(Saved entries)
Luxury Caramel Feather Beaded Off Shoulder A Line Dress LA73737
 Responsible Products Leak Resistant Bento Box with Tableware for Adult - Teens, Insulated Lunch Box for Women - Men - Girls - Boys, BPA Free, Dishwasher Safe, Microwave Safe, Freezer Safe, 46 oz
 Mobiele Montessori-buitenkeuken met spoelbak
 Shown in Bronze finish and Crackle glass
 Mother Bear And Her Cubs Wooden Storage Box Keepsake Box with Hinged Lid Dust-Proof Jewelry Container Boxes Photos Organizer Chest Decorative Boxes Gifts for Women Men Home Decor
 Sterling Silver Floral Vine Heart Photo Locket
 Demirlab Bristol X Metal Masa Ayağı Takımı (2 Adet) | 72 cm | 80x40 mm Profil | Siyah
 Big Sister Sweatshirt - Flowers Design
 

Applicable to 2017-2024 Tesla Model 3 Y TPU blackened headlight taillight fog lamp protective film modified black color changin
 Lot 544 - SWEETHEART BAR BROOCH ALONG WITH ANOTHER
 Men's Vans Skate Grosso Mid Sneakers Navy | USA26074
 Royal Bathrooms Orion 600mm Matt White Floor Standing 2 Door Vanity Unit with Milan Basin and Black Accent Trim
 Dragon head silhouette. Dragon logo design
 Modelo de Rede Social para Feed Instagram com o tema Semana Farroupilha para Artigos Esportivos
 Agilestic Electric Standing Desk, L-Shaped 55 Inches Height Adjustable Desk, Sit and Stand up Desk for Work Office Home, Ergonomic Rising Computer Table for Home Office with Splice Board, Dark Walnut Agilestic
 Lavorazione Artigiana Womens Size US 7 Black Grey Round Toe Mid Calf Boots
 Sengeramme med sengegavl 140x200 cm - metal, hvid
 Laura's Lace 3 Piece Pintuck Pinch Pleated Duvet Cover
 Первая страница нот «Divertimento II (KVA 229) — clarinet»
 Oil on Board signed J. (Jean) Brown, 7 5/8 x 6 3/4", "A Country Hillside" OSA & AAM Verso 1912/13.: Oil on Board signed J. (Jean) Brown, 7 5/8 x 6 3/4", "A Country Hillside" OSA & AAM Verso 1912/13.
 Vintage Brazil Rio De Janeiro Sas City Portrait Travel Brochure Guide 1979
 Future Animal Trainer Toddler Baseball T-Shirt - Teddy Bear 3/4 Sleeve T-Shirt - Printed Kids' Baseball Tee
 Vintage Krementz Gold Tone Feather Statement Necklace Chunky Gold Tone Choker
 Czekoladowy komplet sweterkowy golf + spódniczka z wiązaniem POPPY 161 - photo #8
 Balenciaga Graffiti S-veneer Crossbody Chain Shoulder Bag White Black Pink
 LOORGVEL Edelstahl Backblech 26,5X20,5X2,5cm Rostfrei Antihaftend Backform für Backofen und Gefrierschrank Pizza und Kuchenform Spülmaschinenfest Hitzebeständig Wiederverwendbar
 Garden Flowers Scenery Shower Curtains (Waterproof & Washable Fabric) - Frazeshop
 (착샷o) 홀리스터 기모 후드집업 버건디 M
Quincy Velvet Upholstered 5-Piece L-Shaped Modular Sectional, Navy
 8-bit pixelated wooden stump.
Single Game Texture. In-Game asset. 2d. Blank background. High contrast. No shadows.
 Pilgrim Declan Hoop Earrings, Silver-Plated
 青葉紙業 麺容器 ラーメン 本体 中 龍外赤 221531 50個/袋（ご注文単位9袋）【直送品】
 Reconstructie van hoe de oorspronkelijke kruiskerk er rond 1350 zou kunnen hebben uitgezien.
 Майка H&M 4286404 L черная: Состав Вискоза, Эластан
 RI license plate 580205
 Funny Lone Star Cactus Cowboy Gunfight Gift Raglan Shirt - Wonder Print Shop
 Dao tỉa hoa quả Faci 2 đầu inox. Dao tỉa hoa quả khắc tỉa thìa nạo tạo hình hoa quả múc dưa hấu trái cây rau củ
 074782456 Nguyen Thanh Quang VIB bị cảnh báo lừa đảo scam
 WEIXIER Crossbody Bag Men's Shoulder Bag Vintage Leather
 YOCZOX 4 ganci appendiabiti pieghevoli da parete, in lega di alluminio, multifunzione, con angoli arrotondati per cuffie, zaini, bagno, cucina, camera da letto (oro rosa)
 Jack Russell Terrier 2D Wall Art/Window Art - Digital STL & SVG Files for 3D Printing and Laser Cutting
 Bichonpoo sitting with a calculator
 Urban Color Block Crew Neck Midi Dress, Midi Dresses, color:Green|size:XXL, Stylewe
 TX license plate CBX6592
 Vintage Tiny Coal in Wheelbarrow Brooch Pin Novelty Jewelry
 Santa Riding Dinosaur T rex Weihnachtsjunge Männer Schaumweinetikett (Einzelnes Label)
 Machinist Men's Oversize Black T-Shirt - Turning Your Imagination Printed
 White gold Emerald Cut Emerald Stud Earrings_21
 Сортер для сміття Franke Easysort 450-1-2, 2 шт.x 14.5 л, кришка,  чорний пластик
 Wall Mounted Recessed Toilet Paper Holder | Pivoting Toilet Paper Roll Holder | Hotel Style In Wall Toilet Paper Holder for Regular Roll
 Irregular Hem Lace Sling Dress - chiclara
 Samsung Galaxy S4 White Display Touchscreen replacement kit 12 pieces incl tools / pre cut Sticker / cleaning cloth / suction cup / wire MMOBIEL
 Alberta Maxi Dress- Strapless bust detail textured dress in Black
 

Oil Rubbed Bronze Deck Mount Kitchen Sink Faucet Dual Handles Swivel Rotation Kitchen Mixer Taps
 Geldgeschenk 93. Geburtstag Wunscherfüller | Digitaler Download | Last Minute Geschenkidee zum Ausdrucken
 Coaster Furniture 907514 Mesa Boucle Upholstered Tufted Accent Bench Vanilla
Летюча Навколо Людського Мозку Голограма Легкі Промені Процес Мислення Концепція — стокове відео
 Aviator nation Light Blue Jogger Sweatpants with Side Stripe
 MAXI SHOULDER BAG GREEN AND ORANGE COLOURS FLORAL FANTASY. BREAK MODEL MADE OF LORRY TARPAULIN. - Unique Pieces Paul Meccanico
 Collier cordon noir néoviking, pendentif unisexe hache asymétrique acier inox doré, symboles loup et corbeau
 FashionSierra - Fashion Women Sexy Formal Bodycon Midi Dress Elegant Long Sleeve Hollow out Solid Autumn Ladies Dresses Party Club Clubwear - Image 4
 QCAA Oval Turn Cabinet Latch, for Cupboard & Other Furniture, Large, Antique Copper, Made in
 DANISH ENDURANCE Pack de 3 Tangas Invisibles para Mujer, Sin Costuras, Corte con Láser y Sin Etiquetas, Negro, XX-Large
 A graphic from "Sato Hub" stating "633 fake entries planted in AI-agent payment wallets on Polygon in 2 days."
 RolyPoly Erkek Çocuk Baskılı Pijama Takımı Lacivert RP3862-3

Exercise goal: Write the number of lines in the data above that contain "Upholstered", adding no other words.

Result: 2